=== Work order ===
Below, some lines carry pictures; leave those pictures out and retype exactly the lines from the one with "10003 NW 9th St Cir 8-17, Miami, FL 33172" through the one with "2002 Ford Thunderbird".

Pictures with short captions:
*** Block opens ***
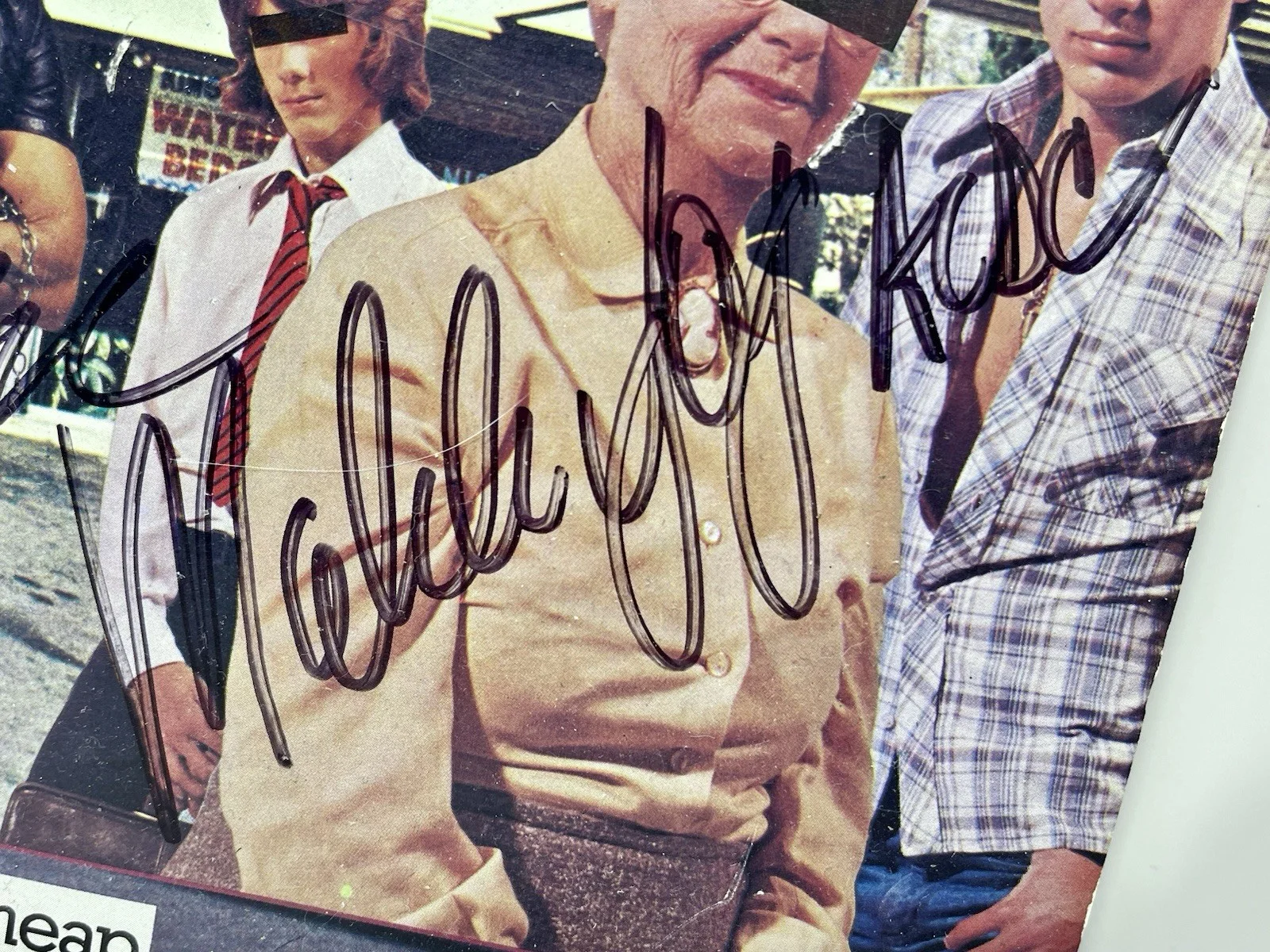 AC/DC Signed Dirty Deeds Done Dirt Cheap Album Sleeve - All 5 Members AUTOGRAPH, изображение 3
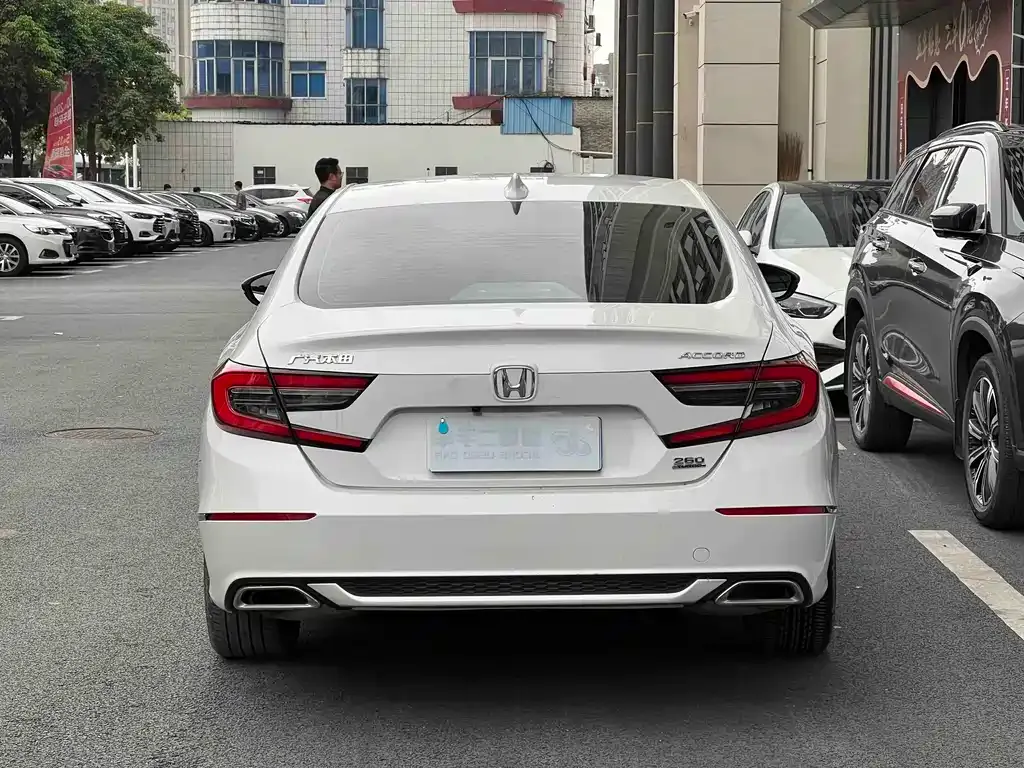 Honda Accord — фото 3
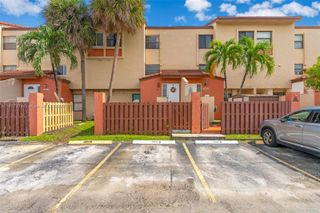 10003 NW 9th St Cir 8-17, Miami, FL 33172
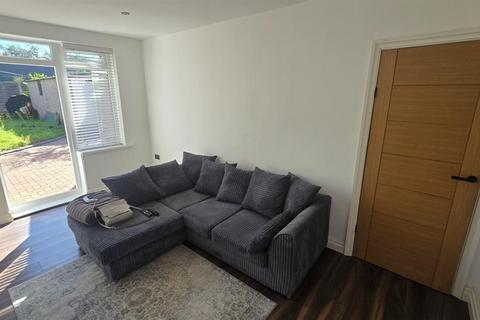 Talbot Road, Manchester M14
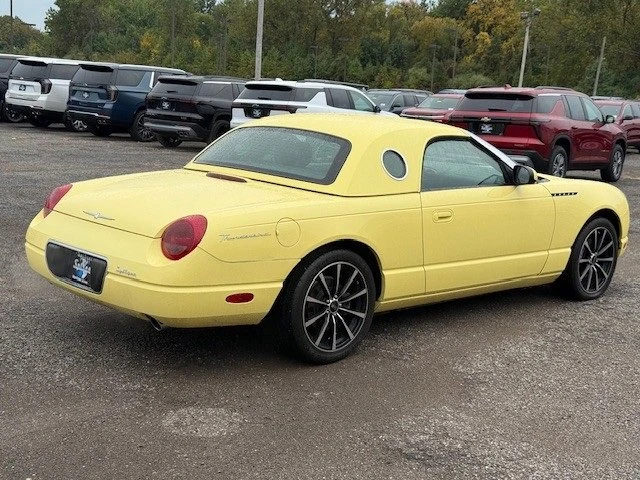 2002 Ford Thunderbird 10th Gen - Image 4 of 11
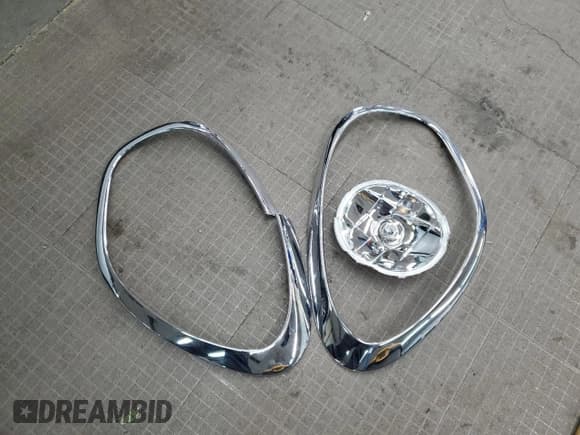 ✅ 2013 MINI Countryman S • VIN: WMWZC3C51DWP22214 • Lot: 93966435. Listed on Copart with 125,664 mi. Free auction sales archive from the USA and detailed vehicle history report at DreamBid. Image 12.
*** Block closes ***
=== Answer box ===
 10003 NW 9th St Cir 8-17, Miami, FL 33172
 Talbot Road, Manchester M14
 2002 Ford Thunderbird 10th Gen - Image 4 of 11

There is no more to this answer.